Die Zurückhaltung hat einen Grund. Die EU-Kommission greift hier offensichtlich nur die Punkte an, die vor Gericht mit extrem hoher Wahrscheinlichkeit Bestand haben werden. Es sind Punkte, die sich gut und rechtssicher belegen lassen – und bei denen andere Anbieter es schon geschafft haben, nachzubessern. Das Konfliktthema illegaler Inhalte, das dies- und jenseits des Atlantiks ganz unterschiedlich bewertet wird, weil dort unter Meinungsfreiheit fallen kann, was hier ein strafbarer Mordaufruf ist, ist an der Stelle ausgeklammert.

Denn es geht aus europäischer Sicht am Ende um zentrale Fragen der digitalen Souveränität: Ist es möglich, die US-Tech-Konzerne zur Einhaltung hiesiger Regeln zu zwingen? Und wie hoch wird der Preis dafür? Die Antworten auf diese Fragen werden mitentscheidend sein dafür, wie es mit der Demokratie, mit dem gesellschaftlichen Zusammenhalt in Europa weitergeht.

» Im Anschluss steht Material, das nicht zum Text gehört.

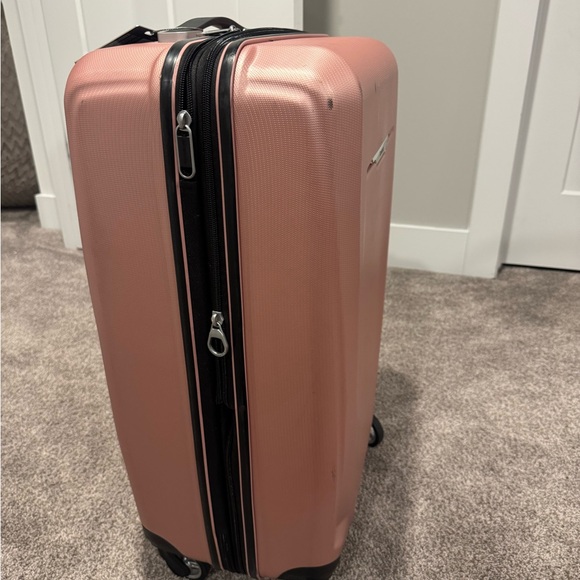 Samsonite Winfield 3 DLX Hardside Medium Suitcase Luggage Spinners Ross Gold - Picture 2 of 3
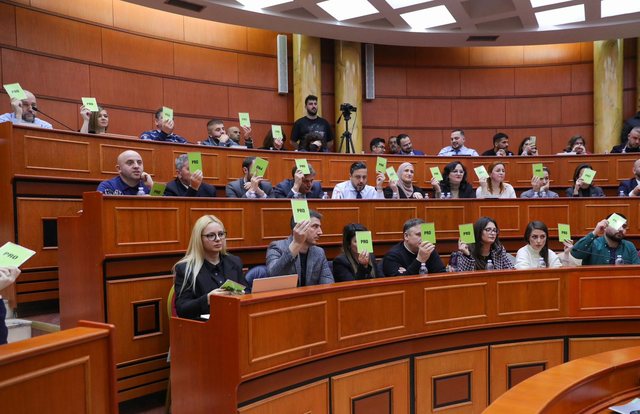 Nga shtatori i vitit tjetër ushqim falas në shkollat e kryeqytetit! Do ndërtohet edhe Qendëra për fëmijët me nevoja të veçanta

Ob er gerichtlich gegen die Entscheidung der EU vorgehen wird, teilte Musk in seinen Posts bislang nicht mit. Für alle Beteiligten am taktisch klügsten wäre es vermutlich, er würde die beanstandeten Punkte stillschweigend nachbessern und den Gang vor Gericht zumindest dieses Mal vermeiden. Denn weitere Verfahren werden folgen. Wahrscheinlicher allerdings ist, dass er auf Eskalation setzt.

In einer Umfrage vom Juli in Deutschland, Frankreich und Spanien gaben übrigens rund zwei Drittel der Befragten an, für eine konsequente Regulierung von Big Tech zu sein – auch, wenn die Beziehungen zu Trump darunter leiden. In Deutschland waren sogar fast drei Viertel der befragten Uni­ons­wäh­le­r:in­nen für eine konsequente Regulierung. Und mehrere europäische Regierungen fordern digitale Souveränität zumindest rhetorisch deutlich vehementer ein, als das noch vor einigen Jahren der Fall war.

Es sieht alles danach aus, als würde das Bedürfnis nach digitaler Unabhängigkeit von den USA umso größer, je stärker Akteure wie Musk und Trump dagegenhalten.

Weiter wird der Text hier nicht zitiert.